Information given –

+ + + + +

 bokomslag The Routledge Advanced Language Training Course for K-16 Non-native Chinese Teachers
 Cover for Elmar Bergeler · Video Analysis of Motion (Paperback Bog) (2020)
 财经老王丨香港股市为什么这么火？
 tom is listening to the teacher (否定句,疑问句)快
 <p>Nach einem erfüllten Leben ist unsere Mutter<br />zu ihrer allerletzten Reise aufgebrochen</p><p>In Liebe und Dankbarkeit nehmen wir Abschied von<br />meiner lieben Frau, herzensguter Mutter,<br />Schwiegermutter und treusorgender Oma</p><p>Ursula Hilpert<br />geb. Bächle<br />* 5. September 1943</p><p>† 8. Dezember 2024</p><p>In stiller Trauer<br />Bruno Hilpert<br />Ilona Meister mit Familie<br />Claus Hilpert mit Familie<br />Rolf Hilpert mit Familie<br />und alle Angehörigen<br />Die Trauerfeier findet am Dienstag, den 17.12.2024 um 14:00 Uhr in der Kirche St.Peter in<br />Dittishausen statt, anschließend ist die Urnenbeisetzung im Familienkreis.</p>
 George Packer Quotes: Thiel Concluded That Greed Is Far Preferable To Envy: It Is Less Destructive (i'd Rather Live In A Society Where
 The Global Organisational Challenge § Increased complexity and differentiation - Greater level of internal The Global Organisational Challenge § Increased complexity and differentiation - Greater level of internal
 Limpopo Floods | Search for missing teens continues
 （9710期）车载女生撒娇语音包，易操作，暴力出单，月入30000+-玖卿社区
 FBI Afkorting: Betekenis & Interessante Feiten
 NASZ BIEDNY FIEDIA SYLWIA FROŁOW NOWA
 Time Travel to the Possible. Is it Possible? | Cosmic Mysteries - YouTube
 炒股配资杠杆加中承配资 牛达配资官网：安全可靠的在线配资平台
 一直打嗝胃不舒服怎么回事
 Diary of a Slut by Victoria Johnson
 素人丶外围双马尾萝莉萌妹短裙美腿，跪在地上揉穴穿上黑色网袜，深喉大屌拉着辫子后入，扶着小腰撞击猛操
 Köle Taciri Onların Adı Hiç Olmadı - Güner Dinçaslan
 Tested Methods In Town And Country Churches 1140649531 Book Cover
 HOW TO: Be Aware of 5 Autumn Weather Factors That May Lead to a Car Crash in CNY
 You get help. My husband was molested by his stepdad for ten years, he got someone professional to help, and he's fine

+ + + + +

Write out precisely the lines from the one holding "Tested Methods In" through the end of the material, including both of those ends.

 Tested Methods In Town And Country Churches 1140649531 Book Cover
 HOW TO: Be Aware of 5 Autumn Weather Factors That May Lead to a Car Crash in CNY
 You get help. My husband was molested by his stepdad for ten years, he got someone professional to help, and he's fine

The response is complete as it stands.